● **Stored data**
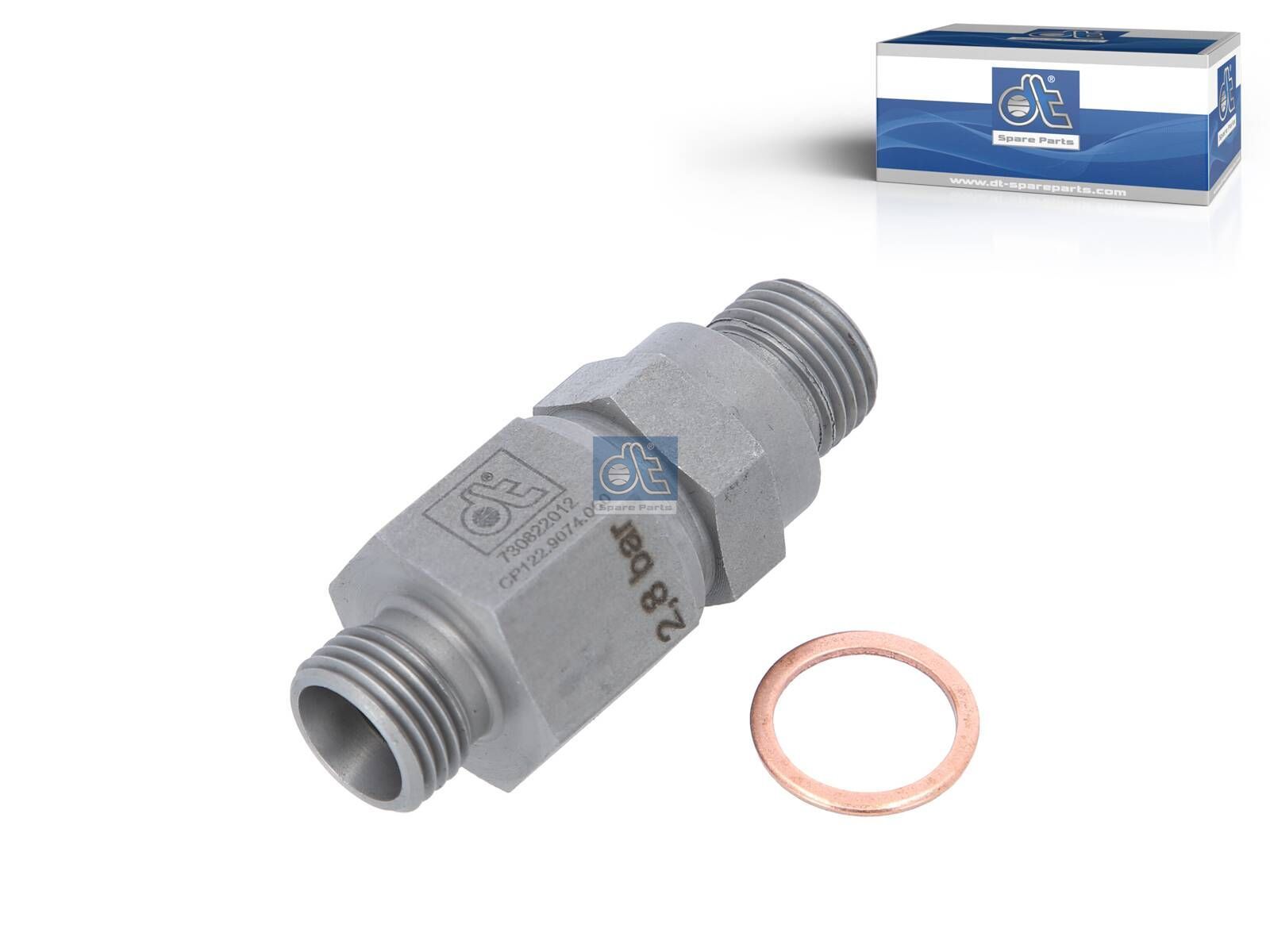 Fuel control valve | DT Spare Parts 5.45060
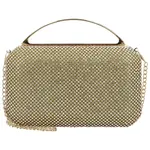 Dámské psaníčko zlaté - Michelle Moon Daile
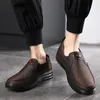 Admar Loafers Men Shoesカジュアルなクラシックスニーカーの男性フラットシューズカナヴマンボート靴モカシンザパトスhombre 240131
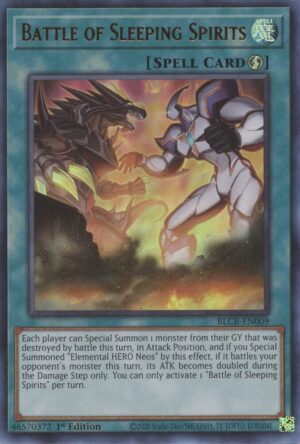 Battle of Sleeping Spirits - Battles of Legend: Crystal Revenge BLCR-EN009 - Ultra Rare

● **Task item**
The expected result is the material restated word for word, minus any picture.

● **Solution to this task**
 Fuel control valve | DT Spare Parts 5.45060
 Dámské psaníčko zlaté - Michelle Moon Daile
 Admar Loafers Men Shoesカジュアルなクラシックスニーカーの男性フラットシューズカナヴマンボート靴モカシンザパトスhombre 240131
 Battle of Sleeping Spirits - Battles of Legend: Crystal Revenge BLCR-EN009 - Ultra Rare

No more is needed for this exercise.